“When I die, Dublin will be written in my heart.” James Joyce
I’m finally feeling like I’m living in Dublin and not just staying in Dublin. I love waking up to the view from my third floor balcony. The clouds hover over the tops of city hall and the castle forever changing. It’s still warm here in November and sometimes I can sit and dry my hair with the sun. I usually head over to Considered, a cafe in the Creative Quarter on Drury Street, for my daily cappuccino and occasionally lemon polenta cake with pomegranate seeds sprinkled on top. On most days I head over to the Dublin Holistic Center on South William Street, a two minute walk from Considered. The center is beautiful – all powder blues and lavender with lace curtains on the high windows and intricately carved crown molding – and it offers yoga classes from 1:00 till 2:00 every weekday. Each teacher is excellent in her own way.

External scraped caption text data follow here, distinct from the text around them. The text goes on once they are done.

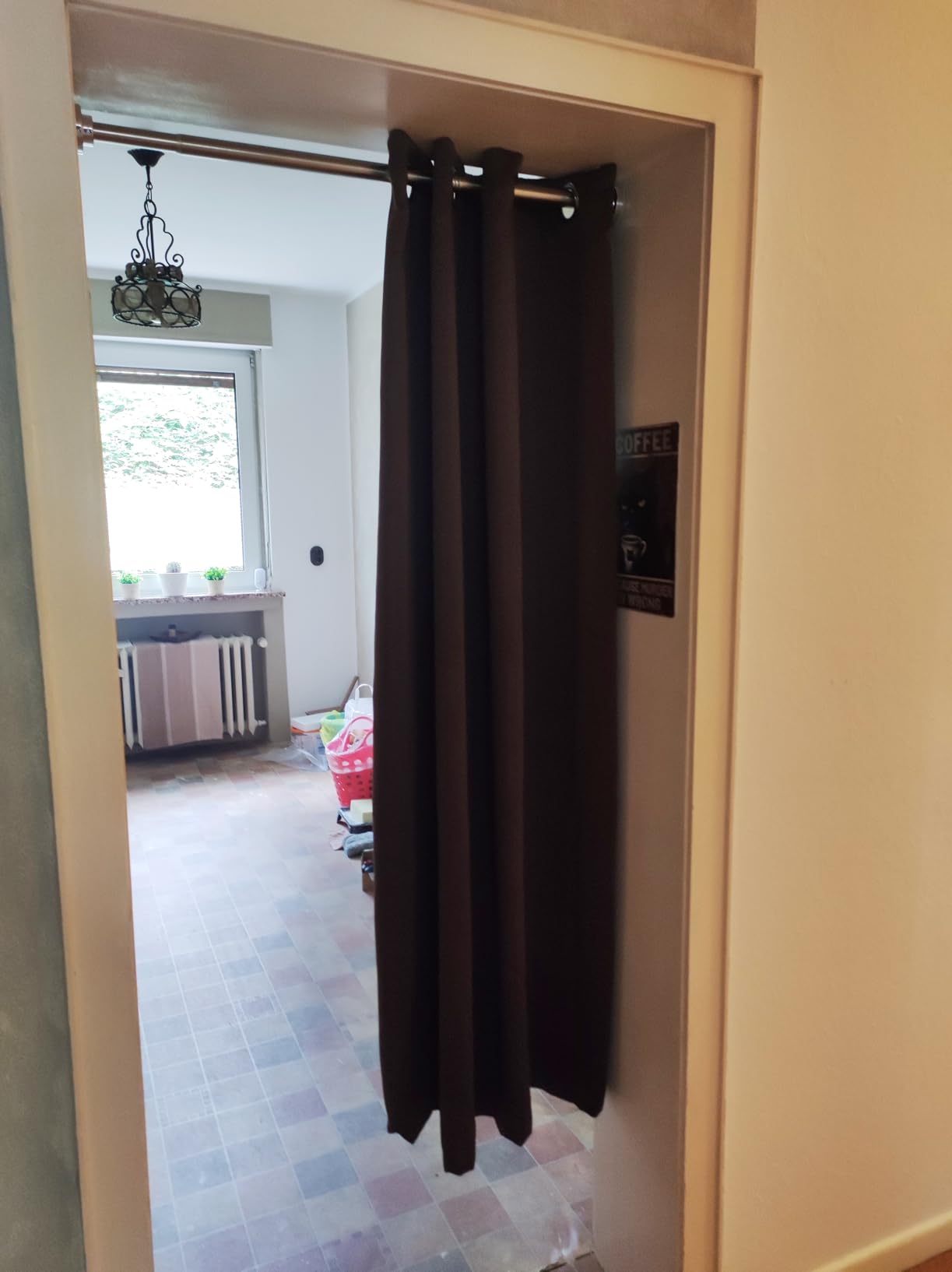 heimtexland Typ139 Thermo Vorhang 245x135 Dunkel-Petrol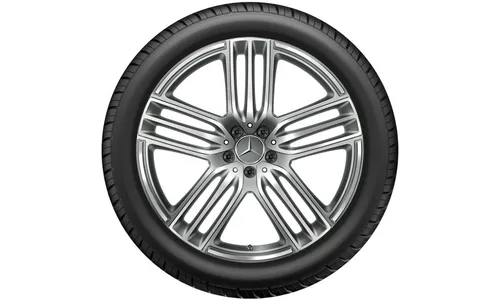 Колесный диск 11J×21 ET55 для Mercedes-Benz GLE 167, задняя ось, серый Himalaya, с алмазной проточкой, 5 тройных спиц — фото 3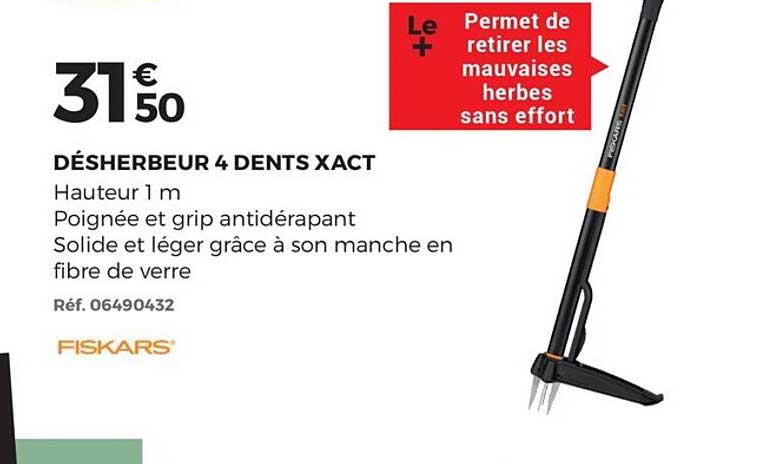 Désherbeur 4 Dents Xact Fiskars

This past Friday Brooklyn was opening at the Irish Film Institute
in Temple Bar and I had to go to the very first screening. Brooklyn is one of my most favorite books and I couldn’t wait to see the film. (In Ireland they say “filem” as if it were two syllables.) I loved it and cried along with all of the Irish women in the theatre. At one point when the heroine Eilis Lacey returns to Ireland after her time in Brooklyn, her old friends ask her if Ireland is too dull and tired for her now, and she replies, “No, it’s calm, charming, and civilized.” I feel the same way, Eilis. The IFI is the personification of calm, charming, and civilized. It’s in a gorgeous brick building with a cafe and a restaurant adjoining the theatre. (They frequently offer a movie and a matching dinner feature which I did when I saw She’s Funny That Way in June.)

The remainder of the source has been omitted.